Figura 1: Macaca e seu filhote (Orig. franc. “La guenon et son petit”), 1951, cerâmica, dois automóveis de brinquedo, metal e gesso (56 x 34 x 71 cm). Museu Picasso, Paris. (www.museepicassoparis.fr , baixado em 12/09/2014)

Imaginemos, por um só momento, Picasso a trabalhar na peça “macaca e seu filhote” (Figura 1) importante escultura do artista. Uma parte foi realizada com materiais recuperados do lixo e “refuncionalizados”.

Um dado importante da obra é a mistura de materiais e de pastas (cerâmica e gesso) com tempos diferentes de secagem e que deve ter requerido, potencialmente, da parte do artista, um uso do tempo bem distendido até chegar à forma final. Por outras palavras, esta escultura nunca teria sido possível realizar sob o domínio de um tempo fatiado como é usual na escola tradicional.

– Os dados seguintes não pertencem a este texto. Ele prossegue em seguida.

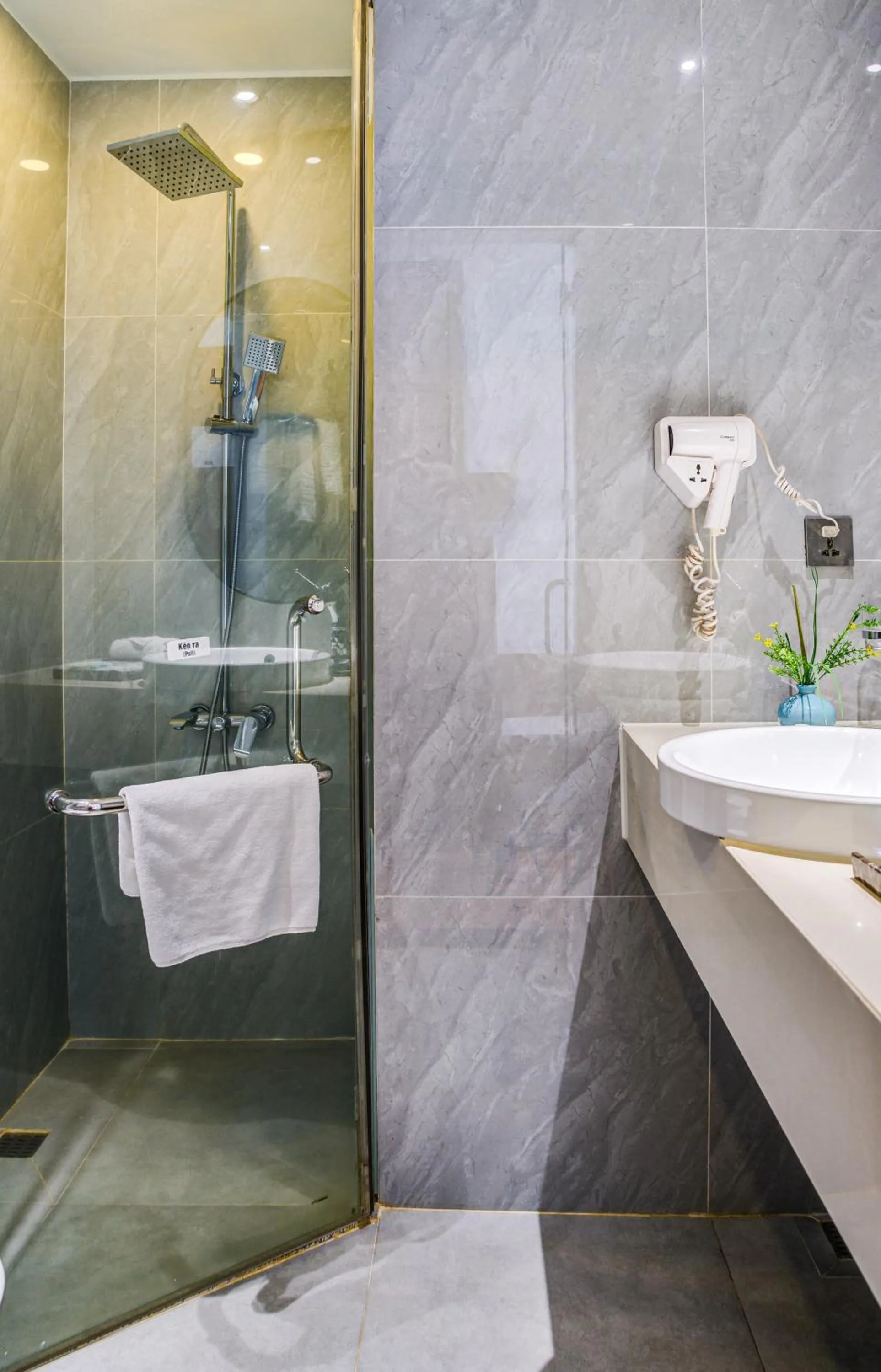 Toilet in Cicilia Hotels & Spa Danang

Imaginemos também, num polo oposto, mas comunicante, o casal Pierre e Marie Curie, ou Fleming, ou outro(s) cientista(s) qualquer (quaisquer) a terem que interromper as suas experiências fundamentais que os levaram a grandes descobertas científicas da humanidade em troca de um hipotético cumprimento de um “tempo” cronológico, pois que Hargreaves (1998, p. 105 e segs.) considera a existência de vários tipos de tempo (o tempo técnico-racional, o tempo micropolítico, o tempo fenomenológico e o tempo sociopolítico). O tempo “técnico racional” será o que mais coincide com este cronotempo e o que mais se aproxima deste conceito de tempo utilizado na escola e na maioria das organizações humanas.

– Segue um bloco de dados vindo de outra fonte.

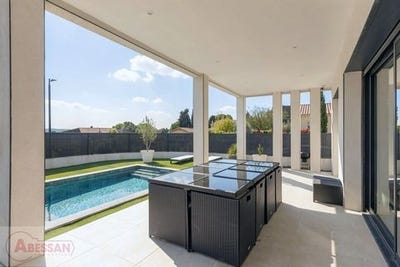 /international/fr/sauzet-languedoc-roussillon-310107564212/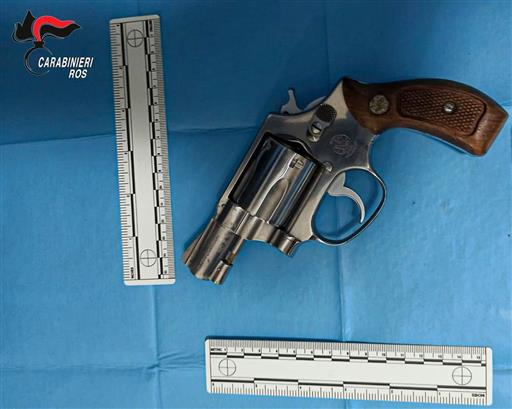 Mafia: trovata pistola nel covo di Messina Denaro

O que vimos atrás, é que o pulsar da vida criativa, na arte e na ciência, parece não ter nenhuma relação com os modos atuais de organização e de vivência escolar. Um dia que escola funcionar como funcionam os cientistas e os cientistas tornar-se-á um lugar bem mais interessante para quem a habita, consequentemente, deveríamos estudar mais as práticas de atelier e de laboratório antes de pensarmos em qualquer reforma educativa.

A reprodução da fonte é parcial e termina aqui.